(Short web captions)
════

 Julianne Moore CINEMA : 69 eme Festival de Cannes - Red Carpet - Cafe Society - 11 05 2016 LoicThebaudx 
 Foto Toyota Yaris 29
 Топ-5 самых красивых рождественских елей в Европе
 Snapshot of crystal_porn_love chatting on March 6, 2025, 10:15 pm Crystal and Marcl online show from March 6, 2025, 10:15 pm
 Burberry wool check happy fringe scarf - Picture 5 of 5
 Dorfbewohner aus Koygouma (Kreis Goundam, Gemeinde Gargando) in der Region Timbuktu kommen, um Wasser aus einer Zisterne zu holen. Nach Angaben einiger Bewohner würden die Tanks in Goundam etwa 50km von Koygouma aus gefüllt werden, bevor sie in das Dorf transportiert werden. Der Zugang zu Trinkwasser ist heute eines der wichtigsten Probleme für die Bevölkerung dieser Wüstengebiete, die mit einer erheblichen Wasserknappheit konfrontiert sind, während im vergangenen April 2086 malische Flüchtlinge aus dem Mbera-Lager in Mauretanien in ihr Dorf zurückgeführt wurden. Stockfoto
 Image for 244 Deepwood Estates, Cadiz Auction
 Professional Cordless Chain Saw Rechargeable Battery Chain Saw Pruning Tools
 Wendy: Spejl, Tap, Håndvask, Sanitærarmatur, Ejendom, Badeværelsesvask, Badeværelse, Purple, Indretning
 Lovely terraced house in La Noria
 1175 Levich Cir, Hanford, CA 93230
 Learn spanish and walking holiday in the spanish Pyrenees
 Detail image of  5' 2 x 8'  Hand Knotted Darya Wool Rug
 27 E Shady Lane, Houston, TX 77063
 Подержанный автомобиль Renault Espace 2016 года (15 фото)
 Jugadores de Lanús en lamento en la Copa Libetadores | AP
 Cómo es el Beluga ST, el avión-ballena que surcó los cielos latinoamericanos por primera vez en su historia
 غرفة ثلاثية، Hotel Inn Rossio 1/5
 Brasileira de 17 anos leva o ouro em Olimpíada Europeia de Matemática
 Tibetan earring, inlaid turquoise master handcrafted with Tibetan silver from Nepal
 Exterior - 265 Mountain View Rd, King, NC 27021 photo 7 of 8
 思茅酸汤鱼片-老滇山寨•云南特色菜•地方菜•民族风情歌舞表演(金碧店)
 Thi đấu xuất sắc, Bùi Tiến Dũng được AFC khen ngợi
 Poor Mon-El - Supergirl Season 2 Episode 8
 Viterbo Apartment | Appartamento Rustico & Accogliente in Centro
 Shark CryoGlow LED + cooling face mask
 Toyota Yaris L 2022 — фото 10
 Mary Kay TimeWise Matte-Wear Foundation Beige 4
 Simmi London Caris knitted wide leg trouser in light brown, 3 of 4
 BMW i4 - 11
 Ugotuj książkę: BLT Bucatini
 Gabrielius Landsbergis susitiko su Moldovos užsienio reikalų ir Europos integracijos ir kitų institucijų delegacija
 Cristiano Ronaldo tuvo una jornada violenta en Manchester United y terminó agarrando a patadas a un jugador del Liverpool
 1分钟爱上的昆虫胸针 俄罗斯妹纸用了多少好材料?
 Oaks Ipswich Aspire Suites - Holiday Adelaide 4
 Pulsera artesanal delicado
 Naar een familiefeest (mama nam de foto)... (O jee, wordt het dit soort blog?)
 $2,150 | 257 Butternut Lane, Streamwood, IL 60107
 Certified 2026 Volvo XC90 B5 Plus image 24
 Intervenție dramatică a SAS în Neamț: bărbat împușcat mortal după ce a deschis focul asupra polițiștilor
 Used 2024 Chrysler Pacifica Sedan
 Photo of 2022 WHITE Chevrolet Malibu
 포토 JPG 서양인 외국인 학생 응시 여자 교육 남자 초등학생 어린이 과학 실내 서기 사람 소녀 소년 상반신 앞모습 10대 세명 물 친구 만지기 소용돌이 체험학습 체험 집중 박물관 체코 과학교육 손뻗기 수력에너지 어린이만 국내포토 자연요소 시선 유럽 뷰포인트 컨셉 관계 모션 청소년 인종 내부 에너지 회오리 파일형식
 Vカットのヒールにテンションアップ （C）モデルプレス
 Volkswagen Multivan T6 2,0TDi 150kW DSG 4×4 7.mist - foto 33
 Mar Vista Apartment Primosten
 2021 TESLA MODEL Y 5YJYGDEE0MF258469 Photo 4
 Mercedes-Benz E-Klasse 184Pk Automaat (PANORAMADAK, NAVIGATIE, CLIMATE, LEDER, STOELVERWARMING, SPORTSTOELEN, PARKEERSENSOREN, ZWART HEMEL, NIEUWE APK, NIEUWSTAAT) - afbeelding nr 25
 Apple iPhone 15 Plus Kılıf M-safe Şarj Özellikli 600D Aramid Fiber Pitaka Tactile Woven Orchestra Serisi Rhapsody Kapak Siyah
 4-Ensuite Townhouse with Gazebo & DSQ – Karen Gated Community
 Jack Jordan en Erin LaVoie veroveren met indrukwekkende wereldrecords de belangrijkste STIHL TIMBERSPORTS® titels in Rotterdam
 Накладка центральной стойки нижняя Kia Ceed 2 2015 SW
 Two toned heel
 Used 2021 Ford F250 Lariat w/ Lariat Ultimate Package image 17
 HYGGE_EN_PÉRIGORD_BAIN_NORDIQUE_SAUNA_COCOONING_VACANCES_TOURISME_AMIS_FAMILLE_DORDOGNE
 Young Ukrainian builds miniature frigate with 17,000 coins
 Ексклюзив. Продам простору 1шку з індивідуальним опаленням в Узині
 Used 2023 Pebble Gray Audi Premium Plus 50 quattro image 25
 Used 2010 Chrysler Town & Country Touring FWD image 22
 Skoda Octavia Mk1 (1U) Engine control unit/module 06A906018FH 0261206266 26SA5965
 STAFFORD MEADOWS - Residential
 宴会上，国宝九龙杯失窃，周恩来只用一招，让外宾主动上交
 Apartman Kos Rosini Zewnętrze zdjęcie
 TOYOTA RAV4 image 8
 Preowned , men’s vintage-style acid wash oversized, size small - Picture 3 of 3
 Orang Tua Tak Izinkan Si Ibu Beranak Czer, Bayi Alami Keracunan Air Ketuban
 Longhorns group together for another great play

════

** WHAT TO PRODUCE **
Reproduce exactly every line that sits between the start of the entries and the line bearing "Image for 244", counting both of those lines.

** YOUR RESPONSE **
 Julianne Moore CINEMA : 69 eme Festival de Cannes - Red Carpet - Cafe Society - 11 05 2016 LoicThebaudx 
 Foto Toyota Yaris 29
 Топ-5 самых красивых рождественских елей в Европе
 Snapshot of crystal_porn_love chatting on March 6, 2025, 10:15 pm Crystal and Marcl online show from March 6, 2025, 10:15 pm
 Burberry wool check happy fringe scarf - Picture 5 of 5
 Dorfbewohner aus Koygouma (Kreis Goundam, Gemeinde Gargando) in der Region Timbuktu kommen, um Wasser aus einer Zisterne zu holen. Nach Angaben einiger Bewohner würden die Tanks in Goundam etwa 50km von Koygouma aus gefüllt werden, bevor sie in das Dorf transportiert werden. Der Zugang zu Trinkwasser ist heute eines der wichtigsten Probleme für die Bevölkerung dieser Wüstengebiete, die mit einer erheblichen Wasserknappheit konfrontiert sind, während im vergangenen April 2086 malische Flüchtlinge aus dem Mbera-Lager in Mauretanien in ihr Dorf zurückgeführt wurden. Stockfoto
 Image for 244 Deepwood Estates, Cadiz Auction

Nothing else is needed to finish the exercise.